She got up at 7 AM and probably ran five miles on the arroyo seco, which drains into the L.A. River, when storms run out of Hahamongna watershed, a Pasadena City-owned watershed where they siphon water for their town from the San Gabriel Mountains.


Yesterday evening we hiked down into the arroyo from Devil’s Gate Dam, which holds back a reservoir full of dry white gravel.  We carried a blue-throated skink and a red-eared box turtle.


They had been carried off athletic fields, which get regular soakings from sprinklers, by maintenance men and kids who delivered them to her to dispose of. We walked down the rocky eroded trail into the canyon of the arroyo in toyon, alder, eucalyptus, yucca, creosote, buckeye, buckwheat and brush, looking for water holes and found none.


Drought. Even as we drove north through Pasadena, past barriers and cops directing traffic away from some mass spectacle at the Rose Bowl, where ten of thousands of teenage girls and their moms were amassing for who knows what weird ceremonies and rituals (and traffic was royally fucked up, cops everywhere, parked at intersections, light bars flashing), brown smoke of fires rose from the south (from Chino Hills?) and from the west, smearing the sunset with rusty color.


devil's gate postcard


Although she was hungry and protested against it, we parked in the falling dark and took a flashlight and walked in the dark up the creek behind the lights shining in the new parking structure at the Jet Propulsion Laboratory campus, with its parking lot emptying out, last workers on satellites and space projects, mars probes and secrets of outer space, project managers (one of whom we know is a belly dancer in her spare time) and rocket scientists heading home to the freeway home, an owl in the tree looking down on us as we looked down on JPL.

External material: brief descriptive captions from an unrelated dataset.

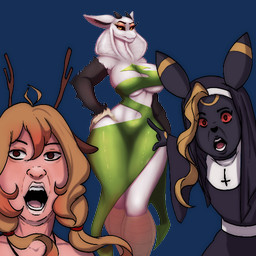 2_horns anthro antlers arm_markings avian_legs black_body black_clothing black_ears black_feathers black_inner_ear_fluff black_sclera blonde_hair breasts brown_antlers brown_hair clothed clothing cross crossdressing dress ear_markings eye_markings eyelashes facial_markings feathered_arms feathers female forehead_markings frown gesture green_clothing green_dress group hair hand_gesture hand_markings hand_on_hip head_markings horn inner_ear_fluff inverted_cross long_hair male markings navel nun_habit nun_outfit open_mouth orange_markings pointing pointing_at_another red_eyes red_hair_tie red_markings red_sclera religious_clothing scowl simple_background skimpy small_waist snake_hood telegram_sticker thick_thighs transparent_background trio tuft white_body white_breasts white_ears white_hood white_legs wide_hips yellow_eyes yellow_hands yellow_legs yellow_markings andreita14ajhq groundbreaking nintendo pokemon two_soyjaks_pointing mezyera unnamed_character_(ballad) accipitriform avian bird bovid caprine deer deer_taur earth_demon_(slightly_damned) eeveelution generation_2_pokemon goat hybrid mammal mammal_taur pokemon_(species) reptile scalie secretary_bird snake taur umbreon 1:1 2026 alpha_channel meme
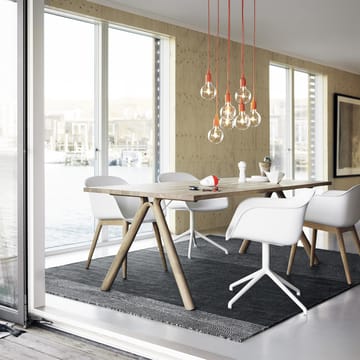 Fiber Chair stoel met armleuningen en houten poten - Natural white-Oak - Muuto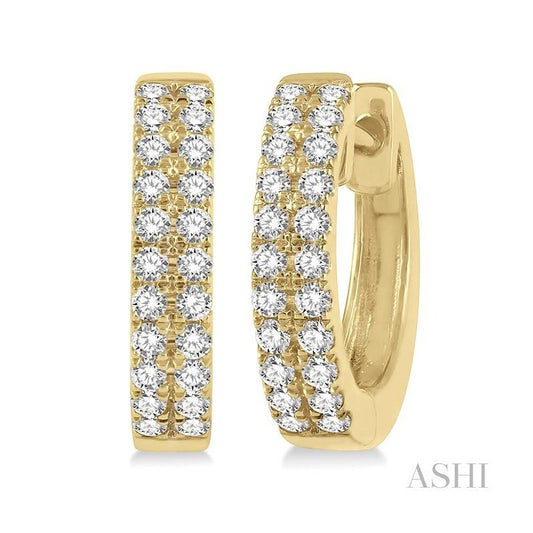 ASHI Two Row Petite Diamond Huggie Fashion Earrings 623C5PPFGERYG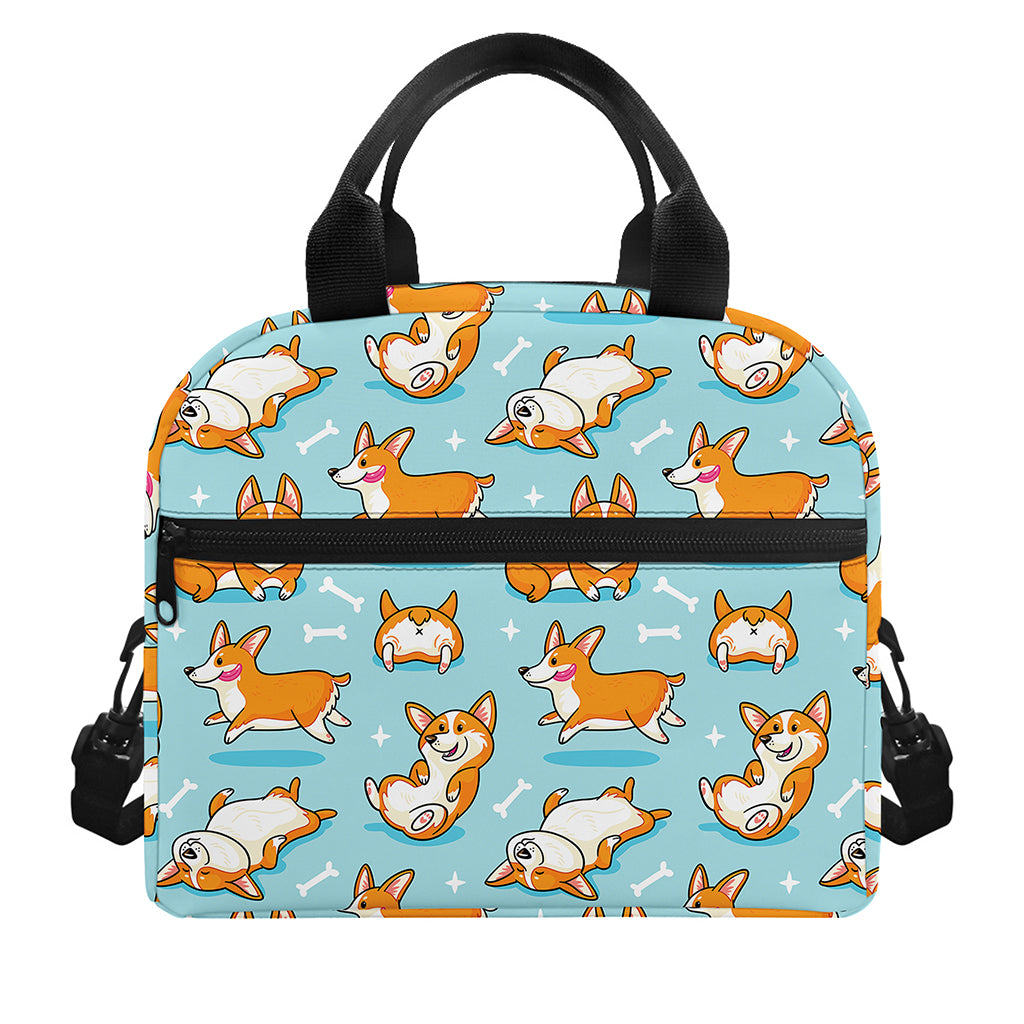 Happy Corgi Pattern Print Insulated Lunch Bag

We crossed the first bridge over the creek and found flowing water under it. The skink was let loose in the sand by the boulders and the turtle was placed on the edge of a pool in the rocks, under white alder. It waited awhile, emerging from its shell, to stalk into the pool.


Night mountain bike riders with lights mounted on their helmets passed us heading up into the dry rocky mountains. The owl was gone. We drove to our favorite Thai restaurant.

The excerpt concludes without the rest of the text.